Data records

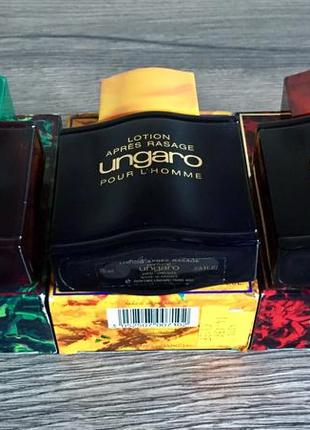 Ungaro pour l'homme { i ii iii } { 1 2 3 } винтаж5 фото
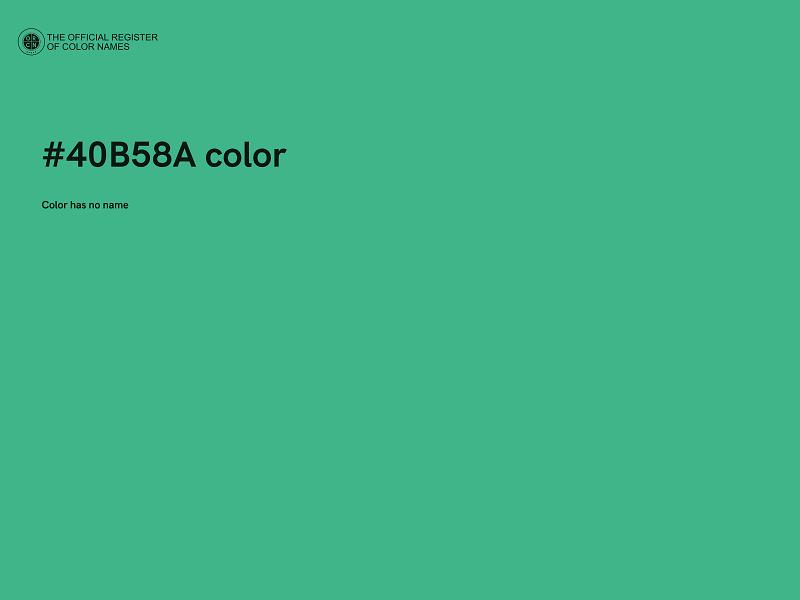 #40B58A color image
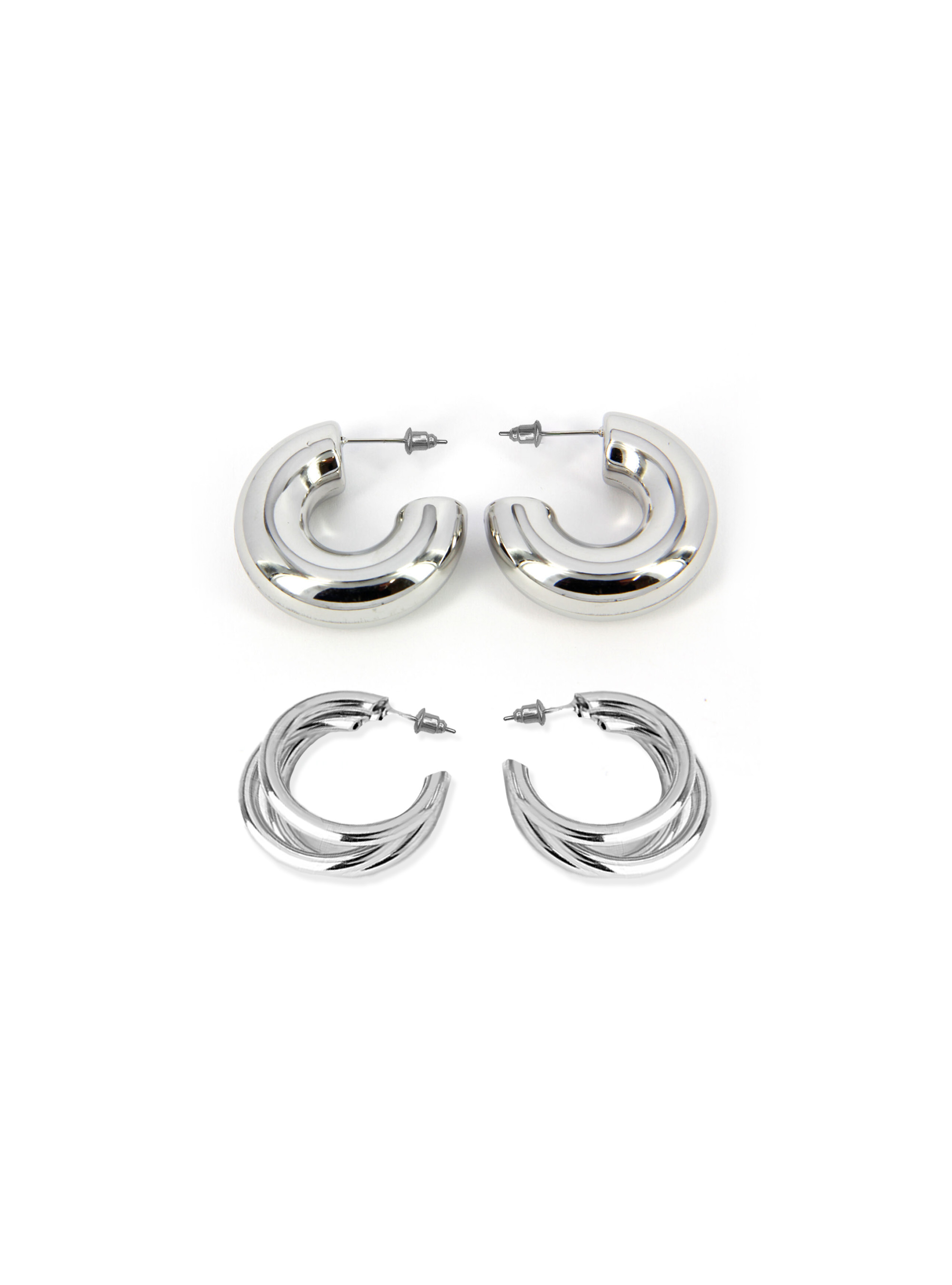 Pack of two pairs of earrings, 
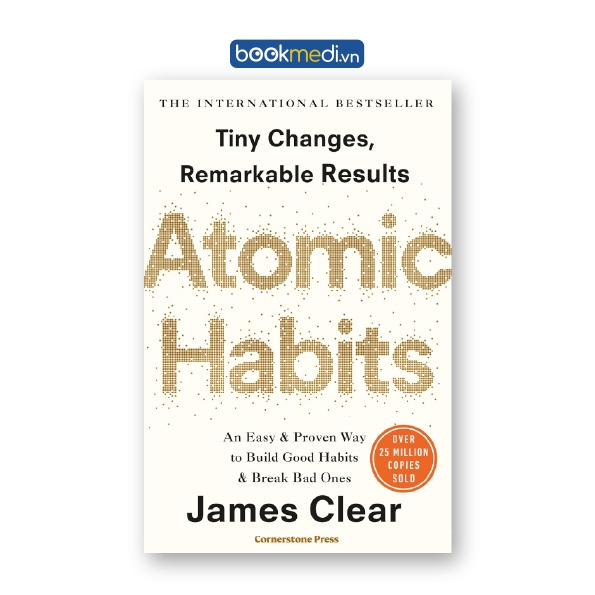 Sách ngoại văn Atomic Habits - James Clear | Bookmedi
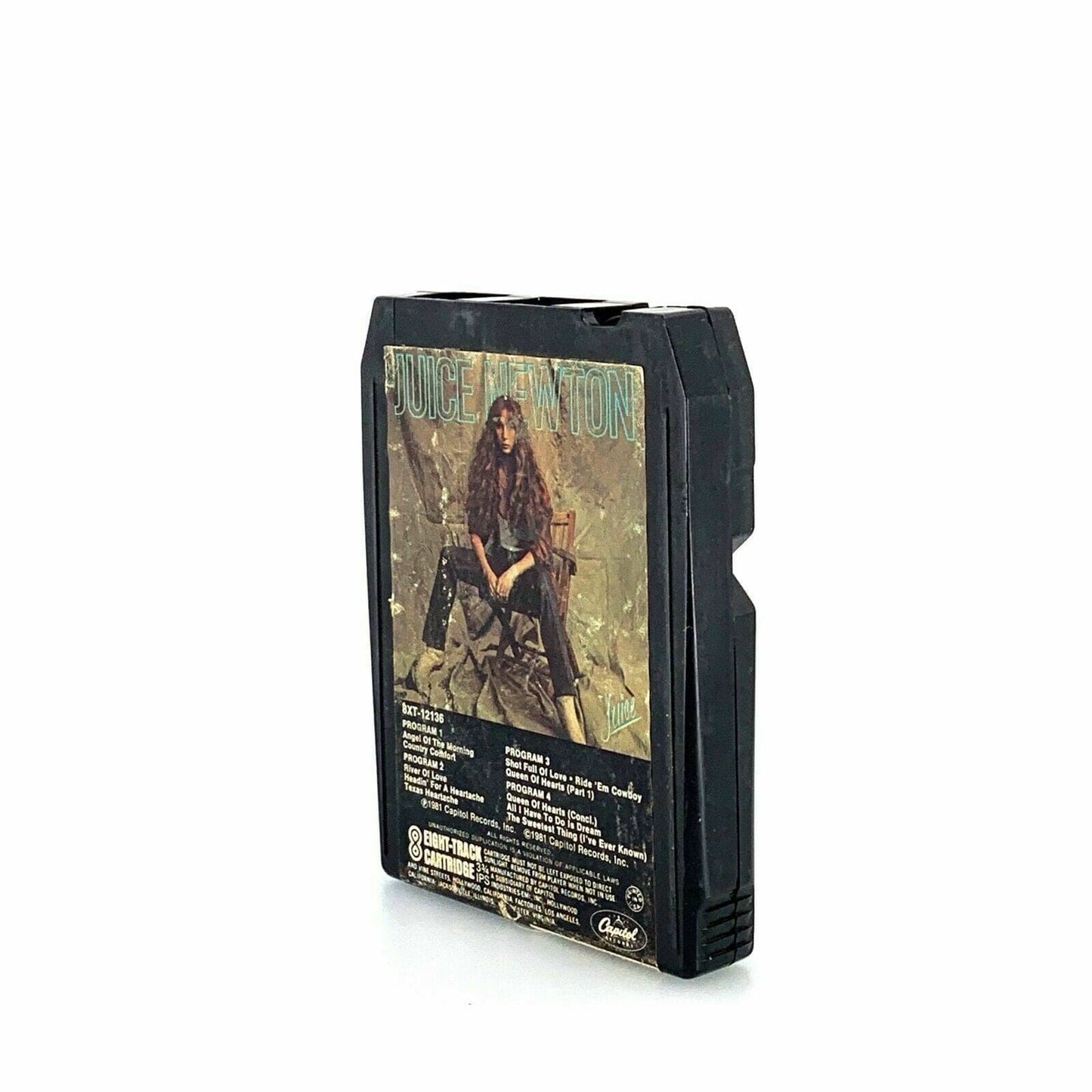 Vintage 8 Track Cartridge - Juice Newton “Juice”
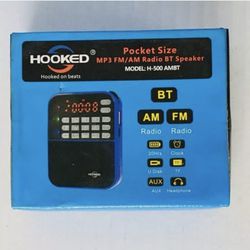 Bluetooth H-500 Multifunction LCD Display Portable AM/FM Radio
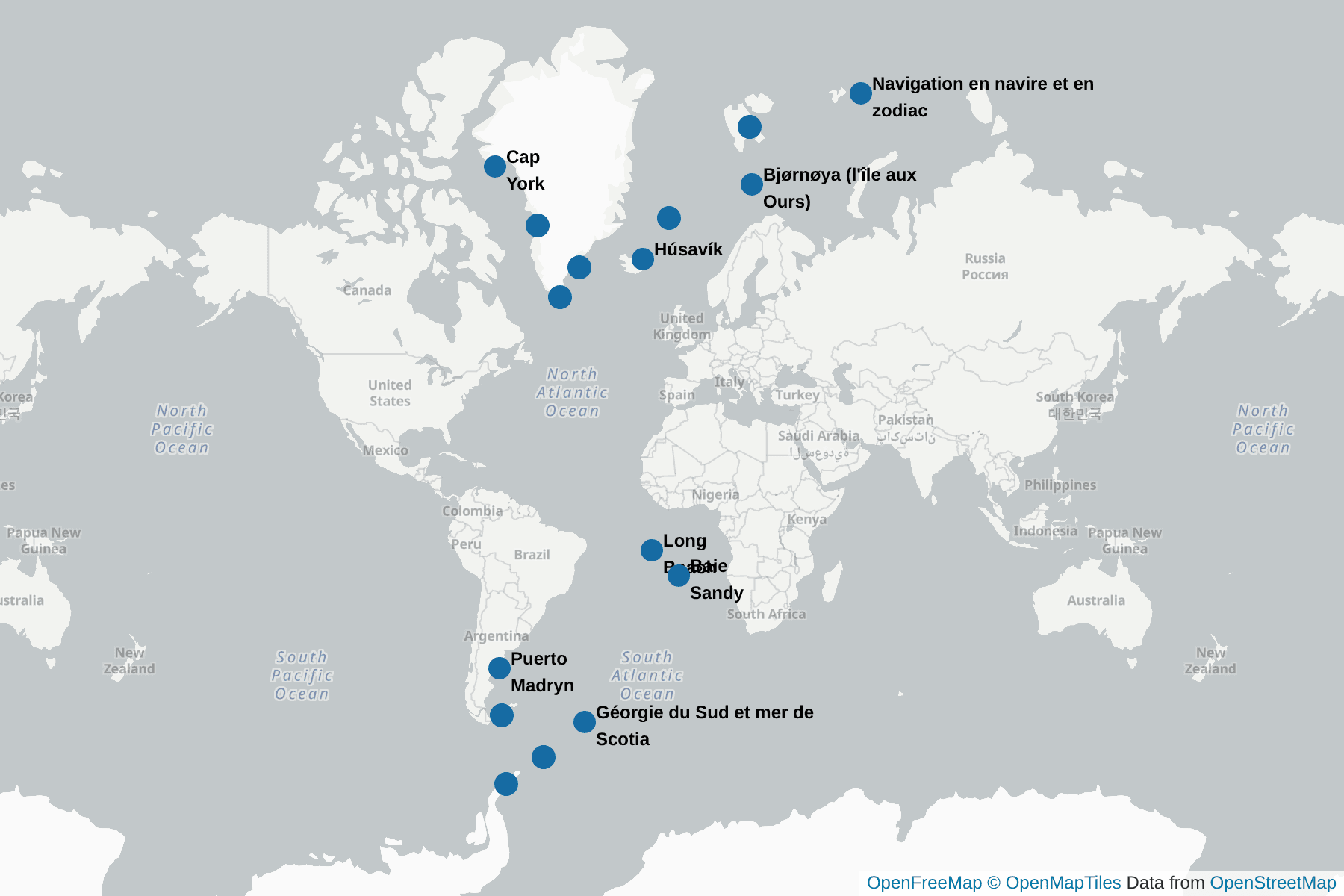 Carte de Baleine à bosse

*WORK TO BE COMPLETED*
Could you print all of the entries exactly, skipping the images?

*REPLY TO THE TASK*
 Ungaro pour l'homme { i ii iii } { 1 2 3 } винтаж5 фото
 #40B58A color image
 Pack of two pairs of earrings, 
 Sách ngoại văn Atomic Habits - James Clear | Bookmedi
 Vintage 8 Track Cartridge - Juice Newton “Juice”
 Bluetooth H-500 Multifunction LCD Display Portable AM/FM Radio
 Carte de Baleine à bosse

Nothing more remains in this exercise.